The will of God always requires what the law of love itself already requires on the basis of the values that impose obligation in and of themselves.

God's interests are infinitely valuable. That is why I should choose them supremely. I must love God for His sake, and not just for the sake of His will. Of course, it is the will of God that we love Him supremely and others as ourselves. But we are to do this for His sake and for the sake of others.

This makes the will of God very precious, because it is the only way we can properly secure these infinitely valuable interests. The will of God is the necessary means to the valuable end, but it is not the end in itself. We shall return to this subject later.

"9. Imutability. Moral law can never change, or be changed." 13

What does moral law require? "Thou shalt love the Lord thy God with all thy heart, and with all thy soul, and with all thy mind. This is the first and great commandment. And the second is like unto it, Thou shalt love the neighbor as thyself. On these two commandments hang all the law and the prophets" (Matt. 22:37-40). Moral law requires this and nothing more nor less of every moral agent. No one can possibly do more. No one can morally do less. If a genius suffers a blow on the head and becomes a moron, he (or she) has less mind than before, but can still love God with all that is left. We are simply held responsible according to the amount of moral enlightenment we possess.

"10. Unity. Moral law proposes but one ultimate end of pusuit to God and to all moral agents. All its requistions...are summed up in one word, love or benevolence. Moral law is the idea of perfect, universal and constant consecration of the whole being to the highest good of being." 14

Partial obedience to moral law is impossible. Either we do love God with all the heart and our neighbor as ourselves, or we do not. We often do so with far less than perfect knowledge and understanding. But we obey with a perfect heart according to the knowledge we do have, or we do not obey at all. Jesus said, "No man can serve two masters: for either he will hate the one, and love the other; or else he will hold to the one, and despise the other" (Matt. 6:24).

"11. Expediency. That which is upon the whole most wise is expedient. That which is upon the whole expedient is demanded by moral law.... Expediency may be inconsistent with the letter, but never with the spirit of moral law.... That which is plainly demanded by the highest good of the universe is law. It is expedient. It is wise.
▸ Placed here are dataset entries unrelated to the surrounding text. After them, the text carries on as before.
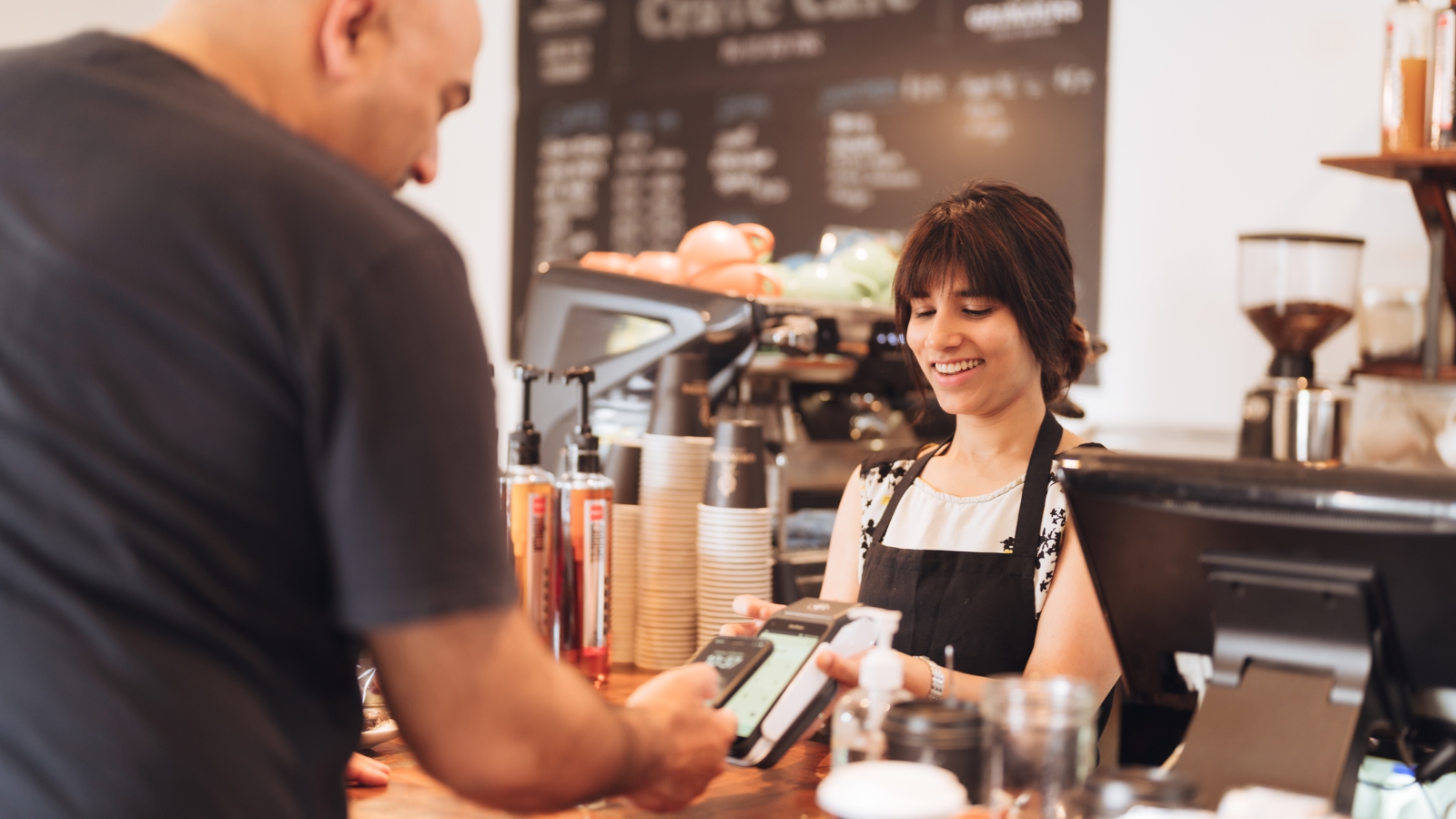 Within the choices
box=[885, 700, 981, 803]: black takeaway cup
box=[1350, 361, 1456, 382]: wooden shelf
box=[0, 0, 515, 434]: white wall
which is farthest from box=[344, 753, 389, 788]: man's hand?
box=[0, 0, 515, 434]: white wall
So, on the other hand, whatever is plainly inconsistent with the highest good of the universe is illegal, unwise, inexpedient, and must be prohibited by the spirit of moral law.... The Bible precepts always reveal that which is truly expedient and in no case are we at liberty to set aside the spirit of any commandment upon the assumption that expediency requires it.... That which is upon the whole most expedient is right and that which is right is upon the whole expedient." 15

We may disregard temporal laws and regulations when moral considerations clearly require us to do so, but we may not disregard absolute principles on the pretext that moral considerations require us to do so. Because the highest good is inherent within absolute principles, the violation of absolute principles is always destructive of the highest good. Therefore, it is self-contradictory and absurd to claim that a situation could exist in which one would be morally obligated to disregard absolute principles. Absolute principles always embody moral law and moral obligation.

The instructions of the Bible are always the wisest and most beneficial course of action in any situation. They are always what love truly demands.

"12. Exclusiveness. Moral law is the only possible rule of moral obligation.... This is and must be the law of love or benevolence. This is the law of right and nothing else is or can be." 16

Every valid law must be an expression and application of the moral law. As a guide for the choices and actions or moral beings, no law can overrule, replace, or even coexist with moral law. Moral law, that is, the law of love, is the only legitimate rule for moral conduct.

Now, is all of this just theoretical and idealistic? Not at all. It is as practical and revelant as eating and drinking. In fact, it touches every part of our lives, as we will see.